Worum geht`s? Wie man mit cleverer Reduktion die Wirkung von Spielfilmen steigert, hat Richard Linklater schon in seiner "Before"-Trilogie" bewiesen. In dem Film "Boyhood", für den er bei der Berlinale in diesem Jahr Beifallsstürme erntete, übertrifft sich der amerikanische Regisseur nun selbst. Denn eigentlich könnte die Coming-of-age-Geschichte von Mason (gespielt von Ellar Coltrane) kaum banaler sein. Es ist das Drama eines von Millionen Scheidungskindern, das mit unzuverlässigem Vater (Ethan Hawke) und beharrlicher Mutter (Patricia Arquette) aufwächst.
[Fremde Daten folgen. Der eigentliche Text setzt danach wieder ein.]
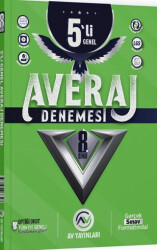 8. Sınıf LGS Averaj 5 li Deneme - 1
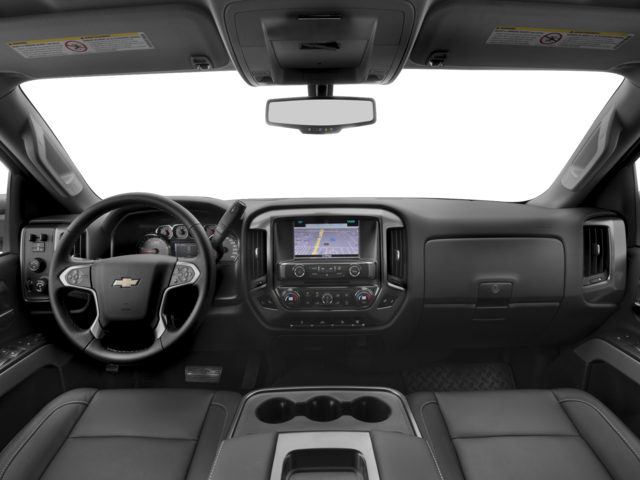 2016 Chevrolet Silverado 2500HD LT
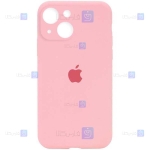 قاب سیلیکونی Apple iPhone 13 مدل محافظ لنز دار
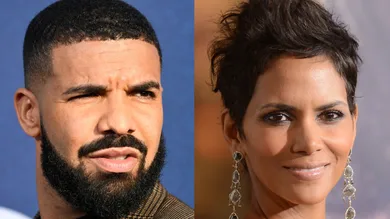 drake halle berry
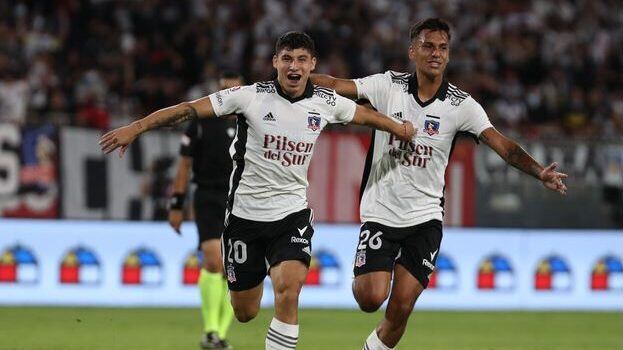 Colo Colo sufrió para imponerse a Everton y comenzar ganando en el Torneo Nacional 2022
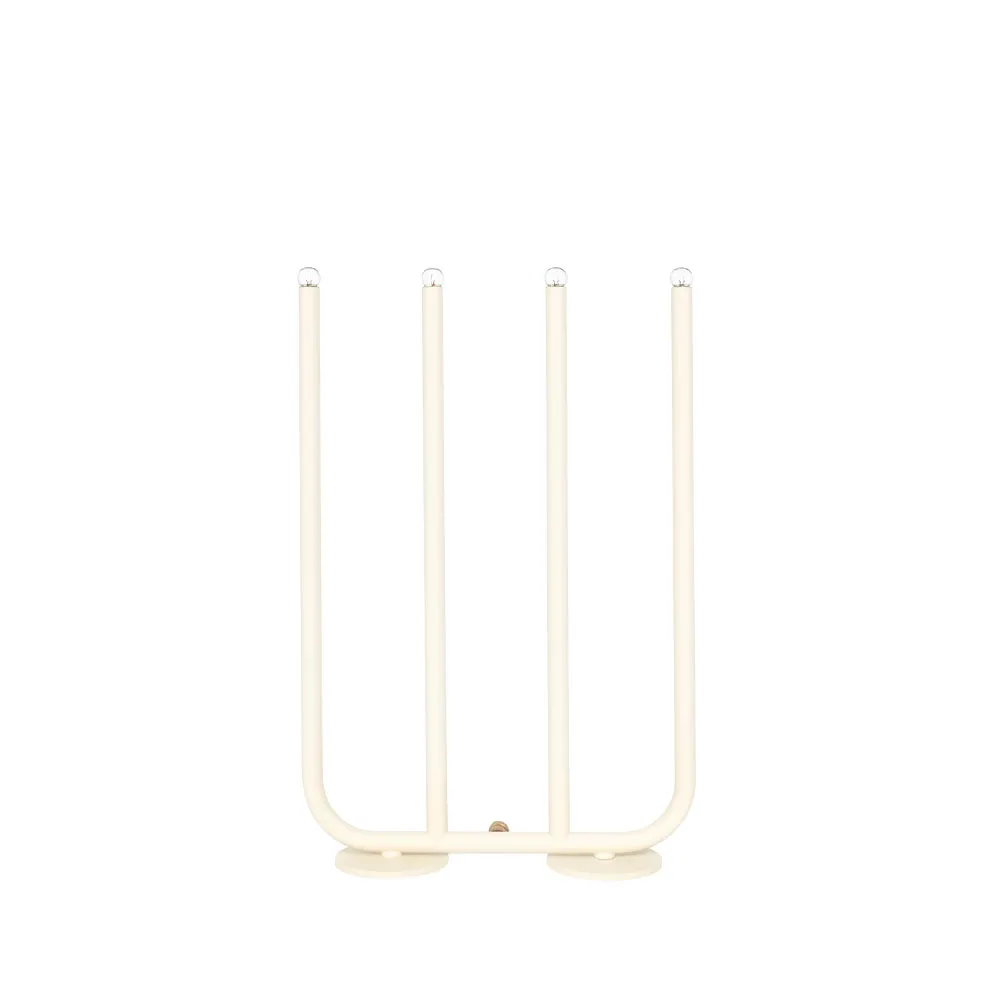 December 4 candlestick, Mist Konsthantverk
Linklater erzählt vor allem von den Beiläufigkeiten des Alltags, die sich stetig aneinander reihen.
Dennoch ist "Boyhood" ein spektakulärer Film geworden, was hauptsächlich daran liegt, dass er über einen Zeitraum von zwölf Jahren entstanden ist. Die Wirkung ist gewaltig, sieht der Zuschauer den Schauspielern doch buchstäblich dabei zu, wie sich nicht nur ihre Figuren entwickeln, sondern auch sie selbst: Aus den pausbäckigen Kindern, zu denen neben Ellar auch Linklaters Tochter Lorelei zählt, werden idealistische Teenager und aus ihren Erzeugern, die zunächst mit ihrer eigenen Jugend kämpfen, abgeklärte Erwachsene. Und so vermittelt "Boyhood" ein Gefühl für etwas, was sich so schwer reproduzieren lässt: das schöpferische und zugleich nagende Regiment der Zeit.
Wer freut sich darüber? Alle, die ihre eigene Jugend Revue passieren lassen wollen. Vielleicht auch Buddhisten, die in diesem sehr westlichen Film ihre These bestätigt finden, dass es im Leben darauf ankommt, im Hier und Jetzt zu leben.